O nosso humor nasce, principalmente, alicerçado nas contra-transferências negativas, que nada mais são do que a impermeabilização das nossas transferências. Exemplo: Você, quando criança, estava assistindo a uma novela com a sua mãe, de repente surgi uma cena de sexo e então você se sentiu estranhamente incomodado. O fato de você se sentir estranho com aquela situação é consequencia do ato de contra-transferencia negativa que você sofreu, pois você sabia o que era sexo, tinha uma certa impressão do assunto (transferencia), porém, sua mãe não falava do assunto com muita naturalidade e frequencia (contra-transferencia) e você entendeu que aquele assunto era meio delicado (contra-transferencia negativa). Esse e muitos outros assuntos sofreram o ato de contra-transferencia negativa, e foram protegidos por um rígido mecanismo de proteção à sua saúde mental.
Contudo, quando o seu subconsciente percebe uma falha ou a ausência do sistema de contra-transferencia negativa, ele imediatamente libera para o meio a sua impressão de determinado tema e isso é feito através do riso. É por isso que achamos tanta graça das piadas "sujas" ou que envolvam sexo, pois o nosso inconsciente aproveita a "permissão" para falar do assunto e relaxa, fazendo-o por meio de boas gargalhados.
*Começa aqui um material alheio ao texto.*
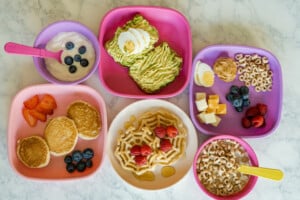 A variety of breakfast foods are served on colorful plates. Items include waffles with strawberries, avocado toast with boiled egg, yogurt with blueberries, cheese cubes with blueberries, pancakes with strawberries and blueberries, and cereal with milk—perfect healthy breakfast ideas for kids.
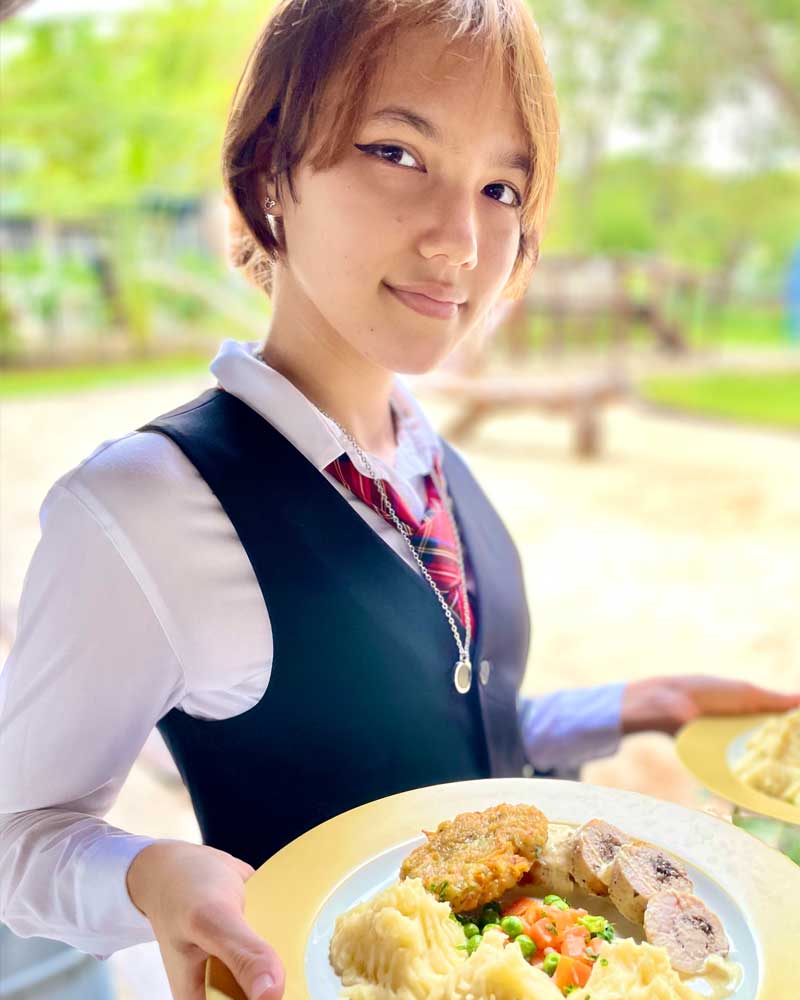 A young girl in a school uniform is holding a plate of food.
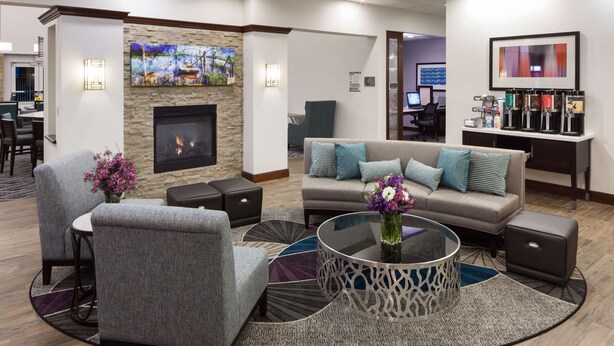 A modern lounge area with a fireplace, seating, and a coffee station. - Homewood Suites by Hilton Agoura Hills (Agoura Hills)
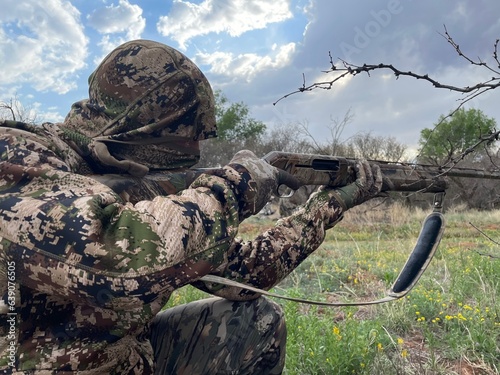 Man Hunter Hunting with Camouflage and Shotgun
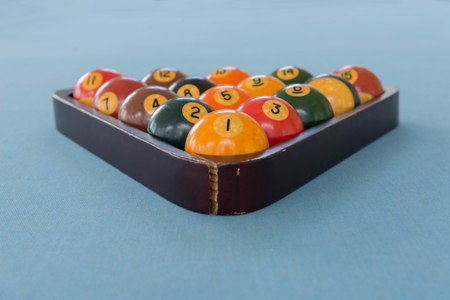 pool billiards snooker balls on green table with locked in wooden cageの写真素材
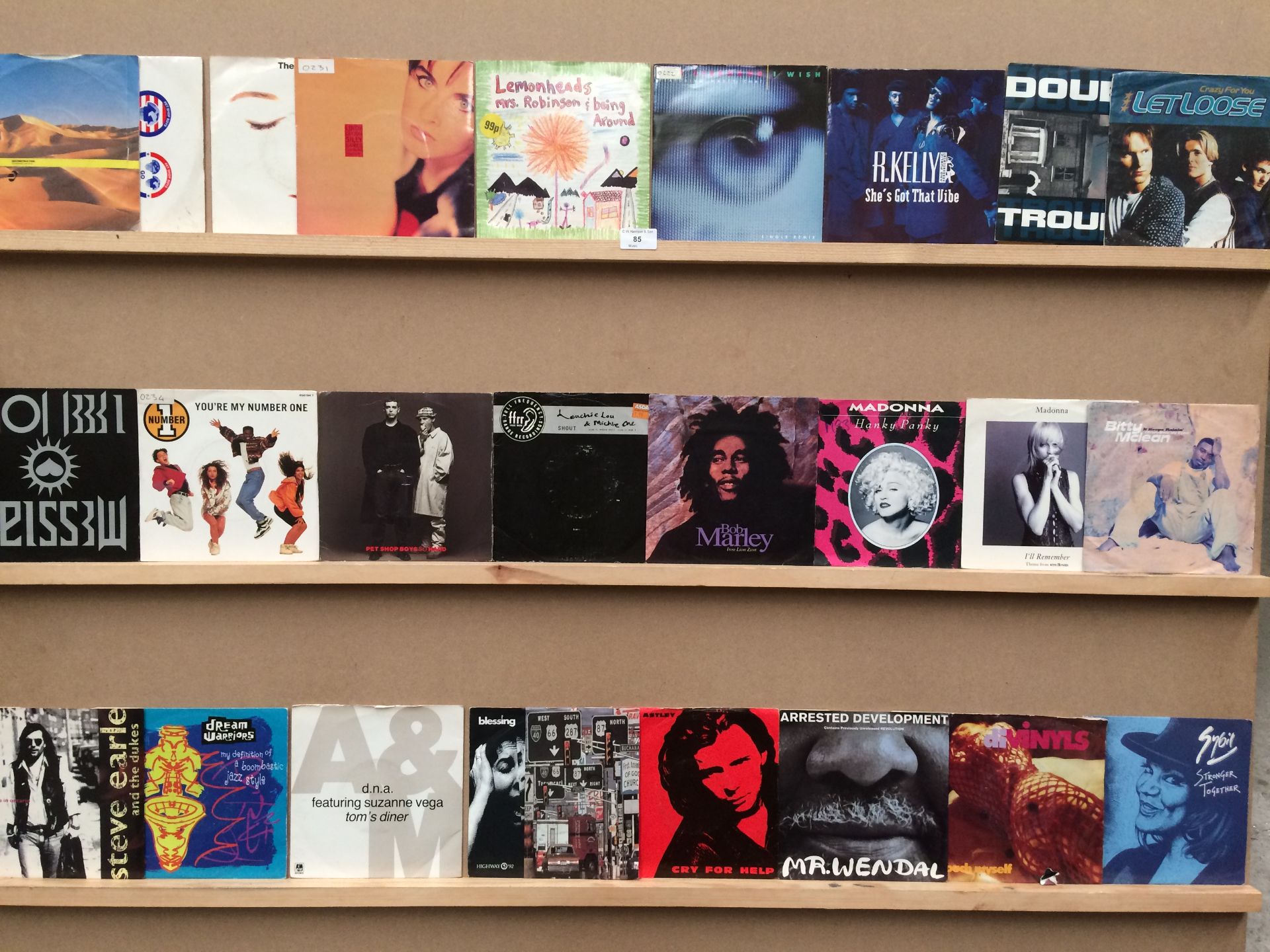 185 x assorted 7" vinyl records mainly 80s/90s - Lemonheads, Bob Marley, Madonna,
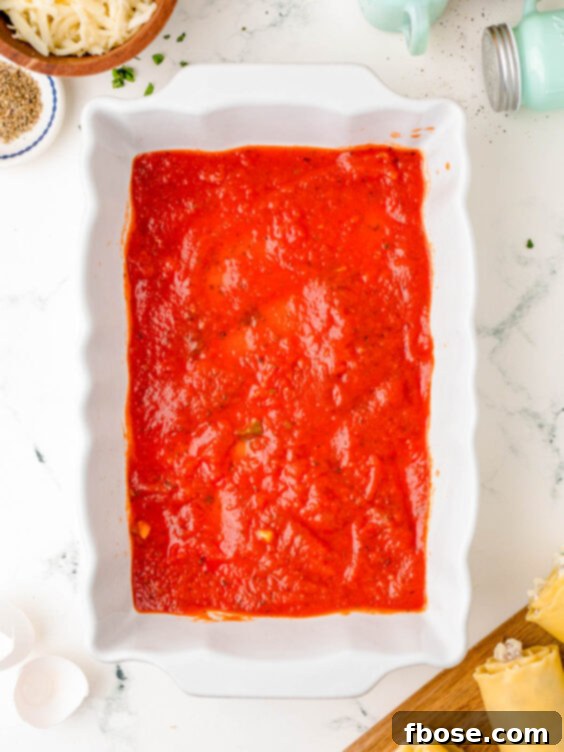 A vibrant red marinara sauce evenly spread across the bottom of a clear baking dish.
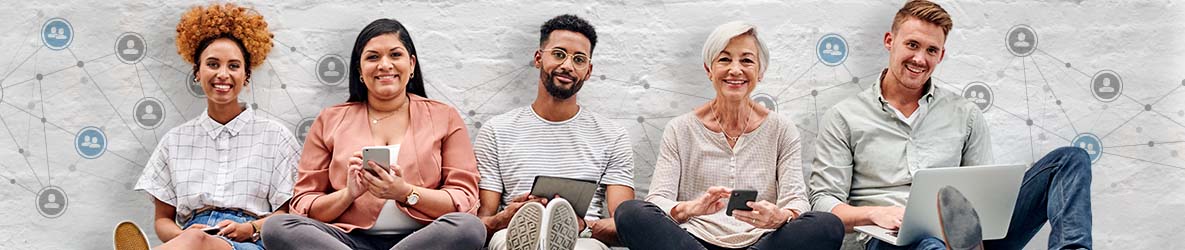 Group of diverse individuals using ipads, phones, and laptops.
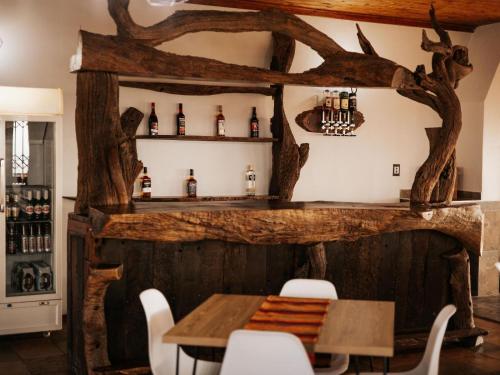 a dining room with a wooden table and chairs at Kudu Kopje Lodge in Kroondal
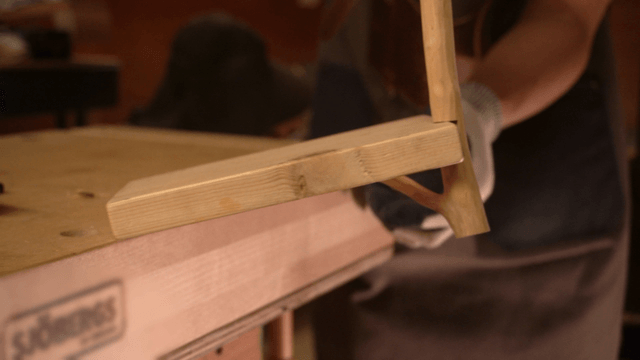 Woodcraft artisan inspecting assembled wooden pieces in workshop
Então, como foi dito no inicio pelo nosso filósofo Vladimir Jankélévitch: "O humor é a evasão da má consciência pela liberdade", isto quer dizer que o que antes era julgado como resíduos psicológicos de inacessibilidade ao meio, devido aos inúmeros ataques de contra-transferencias negativas do meio, agora tem a liberdade de serem expostos.